Il émane de la Banque Africaine de Développement (BAD) qui couvre l’ensemble des pays du continent. Effectivement, il peut paraître étonnant. Il est à la fois légitime et paradoxal. Légitime parce que l’entreprenariat est une échappatoire pour des jeunes souvent non diplômés et qui n’ont pas de porte de sortie. Paradoxal parce que ces jeunes n’ont pas forcément la possibilité de créer une entreprise.
Personnellement, ce chiffre ne me surprend pas. Car quand on est au contact de cette jeunesse, on voit qu’elle a envie de faire bouger les choses. Elle est gourmande, elle représente une force de proposition. Elle a envie de réaliser des projets. De fournir des offres par rapport à des demandes non satisfaites.
Regardez ce que dit le «baromètre d’opinion des chefs d’entreprise» de la Conférence permanente des chambres consulaires africaines et francophones: 12% des chefs d’entreprise interrogés ont moins de 30 ans!
Qui sont ces jeunes?
Des jeunes de milieux urbains, éduqués, qui n’ont pas forcément un parcours universitaire. Une jeunesse émergente qui se sent parfois un peu perdue.
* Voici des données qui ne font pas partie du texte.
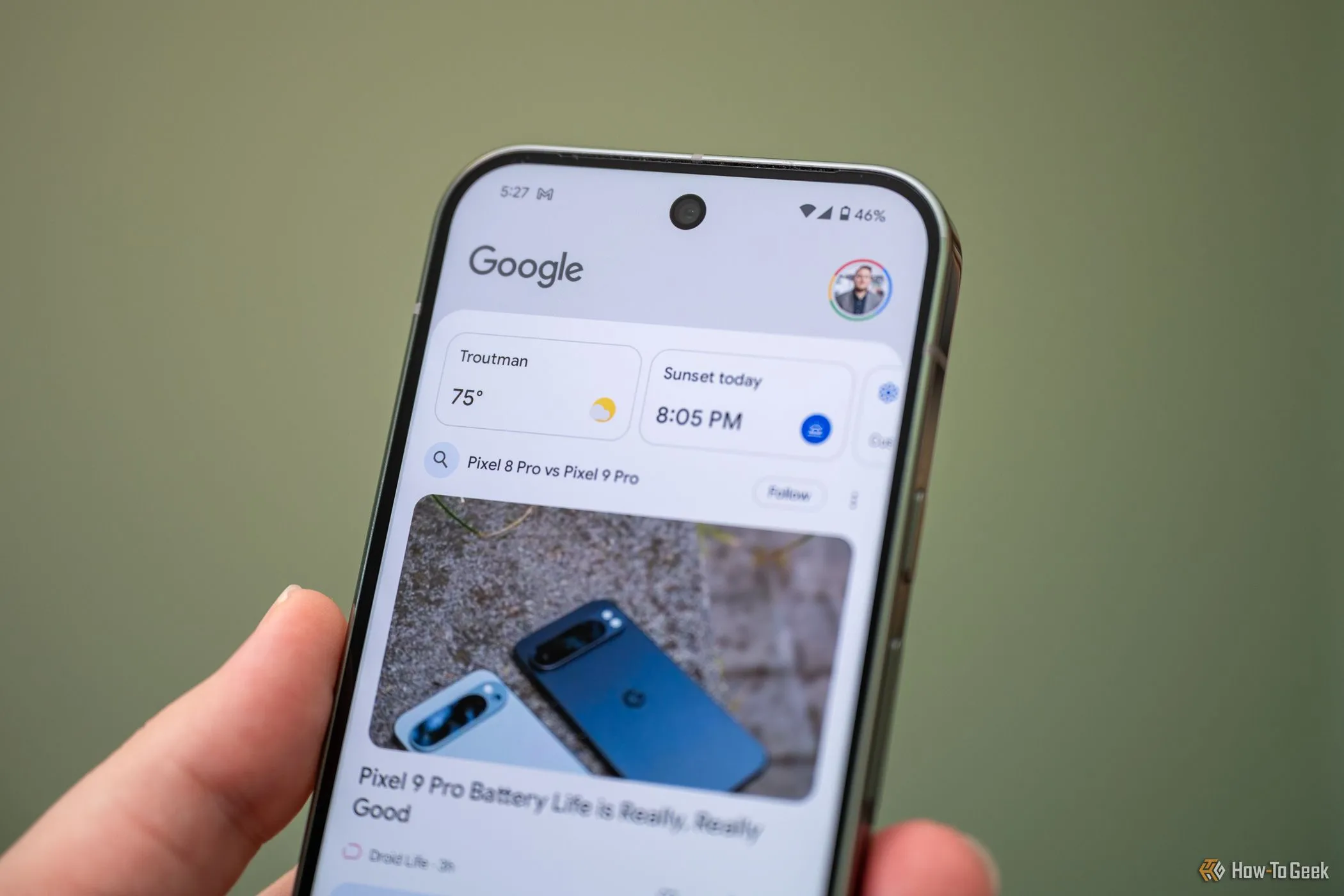 Camera trước và viền màn hình của Google Pixel 9 Pro, cho thấy thiết kế &quot;đục lỗ&quot; phổ biến trên điện thoại.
Et qu’en est-il de tous ceux qui migrent en Europe?
Ils appartiennent à une jeunesse d’origine rurale, totalement abandonnée, complètement perdue, qui tente le tout pour le tout. Pour autant, cela ne veut pas dire que les jeunes entrepreneurs délaissent les milieux ruraux. Ils portent une attention particulière à l’agriculture. L’agro-business est d’ailleurs le domaine numéro un des startups qu’ils créent.
Les startups sont-elles vraiment une structure économique d’avenir pour le continent?
Personnellement, j’en suis persuadé. Les startups sont des structures qui correspondent bien à ces jeunes. Autonomes dans leur tête, ils peuvent être freinés dans leur développement par les Etats de leurs pays. Dans le même temps, ils sont aidés par les institutions internationales et des Etats étrangers: BAD, Banque Mondiale, Allemagne, Etats-Unis, Union européenne, France (au travers d’organismes comme BPI France, l’AFD…).
Pourquoi les Etats africains sont-ils réticents?
Ils ne sont pas conscients ou convaincus du problème. Ils regardent avec crainte cette jeunesse rafraîchissante, brillante. Dans ce contexte, les projets des jeunes peuvent se retrouver entravés. Regardez l’initiative Boost Africa, lancée par la BAD et la Banque Européenne d’Investissement (BEI) en novembre 2016. Les fonds sont là: 30 millions d’euros sont ainsi disponibles. Mais le projet est bloqué par la bureaucratie, le manque de conviction des dirigeants africains.
Dans ce contexte, comment les startups de ces jeunes parviennent-elles à percer?
Face au manque de compétences et d’appétences de leurs pouvoirs publics, il faut souligner le rôle solide et essentiel des incubateurs. Il s’agit de structures dédiées à l’entreprise, financées par des entreprises internationales, la BAD, la Banque Mondiale... Ce sont des partenaires qui ont des racines vraiment locales, qui sont diplômés. A leur tête, on trouve beaucoup de «repats», ces jeunes partis étudier à l’étranger qui reviennent dans leur pays. Ils créent, bâtissent, font des propositions à des jeunes en manque d’accompagnement.
Pourquoi en parle-t-on si peu?
C’est tout le problème ! Ils ne sont pas connus aussi parce qu’ils ne savent pas se vendre, se valoriser. Pourtant, rien qu’à Abidjan, il y a trois incubateurs.
A-t-on une idée du nombre d’emplois créés par les startups en Afrique?
Il est difficile de répondre à la question. Mais je vous citerai un chiffre fourni par la chambre de commerce et d’industrie ivoirienne: en Côte d’Ivoire, on estime à 100.000 le nombre d’emplois créés. C’est infime quand on considère le taux de chômage. Mais c’est important quand on sait qu’on sort là de l’économie informelle.